Note that the grid 10 may have a dark portion as a reflective surface, and the condensing bar 11 may be arranged to condense the light reflected by the reflective surface.

When the reading of the image information is completed, in order to reproduce the read image information, a recording sheet 13 such as a photosensitive film or photographic paper is conveyed in the direction of the arrow Y by the endless belt device 5, as shown in FIG. .

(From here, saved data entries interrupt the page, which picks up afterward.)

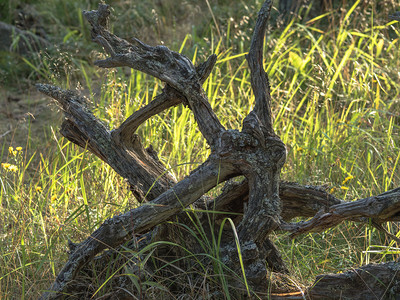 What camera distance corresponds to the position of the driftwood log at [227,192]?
2.14m

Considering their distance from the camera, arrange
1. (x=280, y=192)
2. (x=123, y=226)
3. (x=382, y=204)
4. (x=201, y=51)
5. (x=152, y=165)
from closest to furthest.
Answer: (x=382, y=204) → (x=123, y=226) → (x=280, y=192) → (x=152, y=165) → (x=201, y=51)

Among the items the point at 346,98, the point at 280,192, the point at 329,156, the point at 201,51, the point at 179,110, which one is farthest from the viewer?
the point at 201,51

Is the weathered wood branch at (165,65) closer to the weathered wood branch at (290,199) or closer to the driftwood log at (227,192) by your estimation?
the driftwood log at (227,192)

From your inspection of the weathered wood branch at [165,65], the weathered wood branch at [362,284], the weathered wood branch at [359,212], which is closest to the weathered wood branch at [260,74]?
the weathered wood branch at [165,65]

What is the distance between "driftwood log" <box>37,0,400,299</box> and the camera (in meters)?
2.14

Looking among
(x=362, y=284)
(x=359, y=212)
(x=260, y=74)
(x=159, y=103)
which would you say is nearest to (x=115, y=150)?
(x=159, y=103)

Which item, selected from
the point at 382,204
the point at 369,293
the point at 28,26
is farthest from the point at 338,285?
the point at 28,26

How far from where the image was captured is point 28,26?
726 centimetres

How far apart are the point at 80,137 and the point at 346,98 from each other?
2.61m

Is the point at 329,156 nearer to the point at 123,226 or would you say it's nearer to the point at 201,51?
the point at 123,226

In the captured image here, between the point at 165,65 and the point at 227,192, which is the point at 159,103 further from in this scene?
the point at 227,192

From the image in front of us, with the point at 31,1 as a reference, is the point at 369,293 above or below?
below

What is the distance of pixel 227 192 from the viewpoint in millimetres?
2418

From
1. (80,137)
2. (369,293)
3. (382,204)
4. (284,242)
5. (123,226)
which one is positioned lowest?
(284,242) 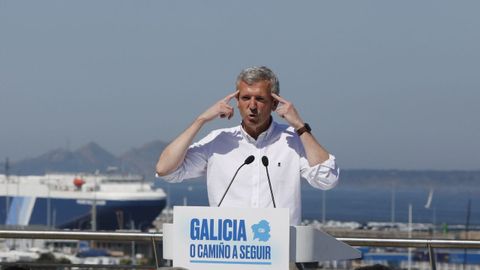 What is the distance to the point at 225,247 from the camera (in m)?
4.64

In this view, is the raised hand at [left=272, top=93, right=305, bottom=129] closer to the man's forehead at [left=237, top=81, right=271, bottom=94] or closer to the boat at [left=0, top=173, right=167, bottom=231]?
the man's forehead at [left=237, top=81, right=271, bottom=94]

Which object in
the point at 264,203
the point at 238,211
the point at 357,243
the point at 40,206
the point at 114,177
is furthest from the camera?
the point at 114,177

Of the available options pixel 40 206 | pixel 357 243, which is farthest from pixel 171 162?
pixel 40 206

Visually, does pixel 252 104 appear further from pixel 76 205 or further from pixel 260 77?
pixel 76 205

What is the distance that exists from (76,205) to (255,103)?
92205 mm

When reproducing image information on the recording sheet 13, the recording light source 2, which is a semiconductor laser, is directly analog modulated by the recording light source driving circuit I4 based on the output from the image information processing circuit 8, and the modulation is performed. The received recording light beam 2A is reflected and deflected by the galvanometer mirror 3 and repeatedly scans the recording sheet 13, which is conveyed in the direction of the arrow Y, in the direction of the arrow X, and the entire surface of the recording sheet 13 is covered with the stimulable phosphor sheet. The image information read from 4 is recorded and reproduced. Recording sheet 13 on which image information is recorded and reproduced
is sent to an automatic developing machine (not shown) and subjected to development processing.

On the other hand, during image reproduction, the reading light beam IA enters the galvanometer mirror 3 as synchronous light. Further, prior to this, the reflecting mirror 9 is placed on the optical path of the reading light beam IA and moved to the second position shown in FIG. 2 where it can reflect the reading light beam IA and make it incident on the grid 1o. being forced to move. Therefore, when reproducing an image, the reading light beam 2A enters the grid 0 as a synchronous light,
Since it is detected by the photodetector 12, a synchronization signal indicating the main scanning position of the recording light beam can be obtained even during reproduction.

In this way, in this device, the same scanning system can be used to both read image information on the stimulable phosphor sheet and reproduce image information on the recording sheet. Compared to the conventional case, the entire system can be simplified and its size and cost can be reduced. In addition, by using the recording optical beam 7 during reading and the reading optical beam during playback, it is possible to create an independent synchronizing light source and complicate the device, or to split the reading optical beam. Synchronous light can be extracted during reading and reproduction without reducing the power of the light used for reading. Furthermore, if a semiconductor laser is used as a recording light source as in this embodiment, the semiconductor laser can directly modulate based on the image fj, so there is no need to provide a modulator such as an acousto-optic modulator, and the device This is more preferable in terms of simplifying the process.

Note that the reading light beam and the recording light beam do not necessarily need to be incident on the galvanometer mirror from different directions; if they have different wavelengths, they may be combined coaxially and made incident on the galvanometer mirror. That is, as shown in FIG. 3, light in the wavelength range of the reading light beam IA is transmitted through the reading light beam IA and the recording light beam 2A from directions perpendicular to each other, and light in the wavelength range of the recording light beam 2A is transmitted. The light is made incident on the first dichroic mirror that reflects the light and combined, and then made incident on the galvanometer mirror 3 for reflection and deflection. On the optical paths of both reflected and deflected beams, when the device reads image information, a second beam is provided that transmits light in the wavelength range of the reading light beam and reflects light in the wavelength range of the recording light beam. A dichroic mirror 19B is arranged to guide the reading light beam IA onto the stimulable phosphor sheet 4 and to make the two recording light beams incident on the grid IO. When the apparatus reproduces image information, the second dichroic mirror 19B is moved out of the optical path and instead reflects light in the wavelength range of the reading light beam, and reflects light in the wavelength range of the recording light beam. The third dichroic mirror 19c that transmits the light may be moved onto the optical path so that the recording light beam 2A is incident on the recording sheet and the reading light beam IA is incident on the grid 10. In this embodiment, the first. Second and third dichroic mirrors 19A, 19B, 19c
This constitutes an optical path switching means.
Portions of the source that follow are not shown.